Minimal TinyAVR 0 Programming

When [Alain] wanted to use some of the new TinyAVR 0 chips — specifically, the Attiny406 — it seemed overkill to use the Windows IDE. There are plenty of sources of information on programming other AVR chips using simple command line tools, but not for these newer 0-series parts which use a new programming protocol known as UPDI. That led to a deep diving into how to program a TinyAVR 0 with a text editor, makefile, and USB-to-serial cable.

The Attiny406 has 4K of flash, 256 bytes of RAM and can run at 20 MHz with no external clock. You might think programming would be similar to a regular AVR part, but these tiny devices use UPDI (Unified Programming and Debug Interface) which uses 3 pins for programming. Older devices used different protocols.

It is very easy to create a UPDI programmer. A USB to logic-level serial cable and a 4.7K resistor is all it takes. There’s Python code that knows how to drive the protocol, too. You can also use the logic-level serial port on the Raspberry Pi with some device tree modifications explained in the code’s documentation.

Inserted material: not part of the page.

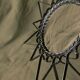 Old wrought metal sun mirror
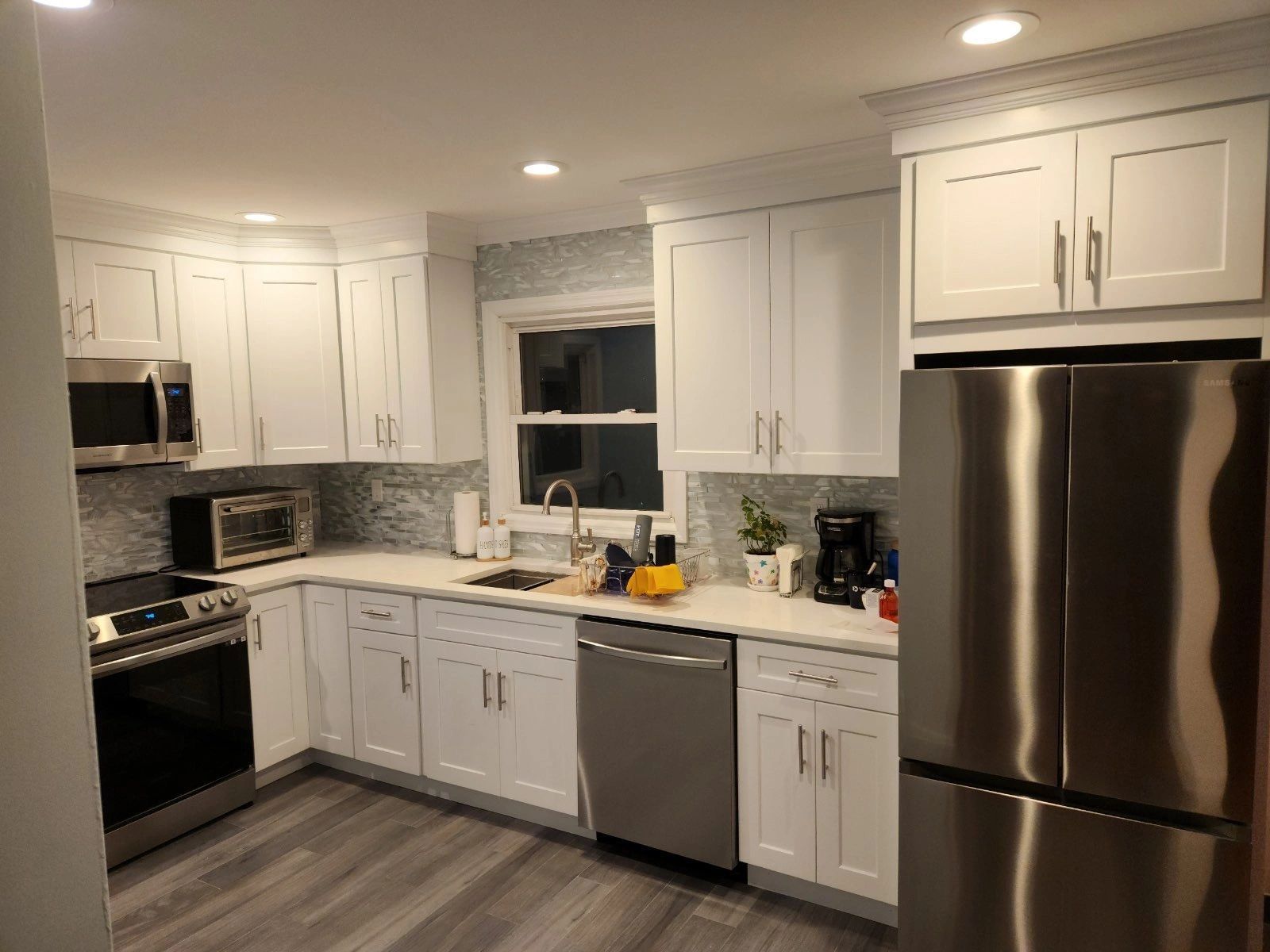A kitchen with white cabinets and stainless steel appliances.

[Alain] made a nice breakout board for the device. It fits a breadboard, allows for 5V or 3.3V operation, and has an LED and switch. Nothing fancy, but handy. Once you know how to ship a hex file to the chip, the rest is pretty standard. While the AVR version of gcc doesn’t cross-compile for the ATTiny out of the box, there is a device pack from Microchip that enables that feature.

The trend is to go to bigger processors, not smaller, but when you need to cram something in a small space, save a few pennies per unit, or draw very little power, these tiny processors can be just the ticket. The processors may be small, but if you work you can do some pretty big things with them.

10 thoughts on “Minimal TinyAVR 0 Programming

  1. So like, can we just make this UPDI thing the standard for all things that need programming, period, from now on? At most, this stuff should only need 2 wires, but doing it with 1 data line is awesome.

  2. I really don’t like Atmels’ (now Microchip’) idea of yet another programming interface each year or so. For me it’s pretty simple. If the AVR processor don’t work with avrDUDE and usbASP, then I ‘m not interested.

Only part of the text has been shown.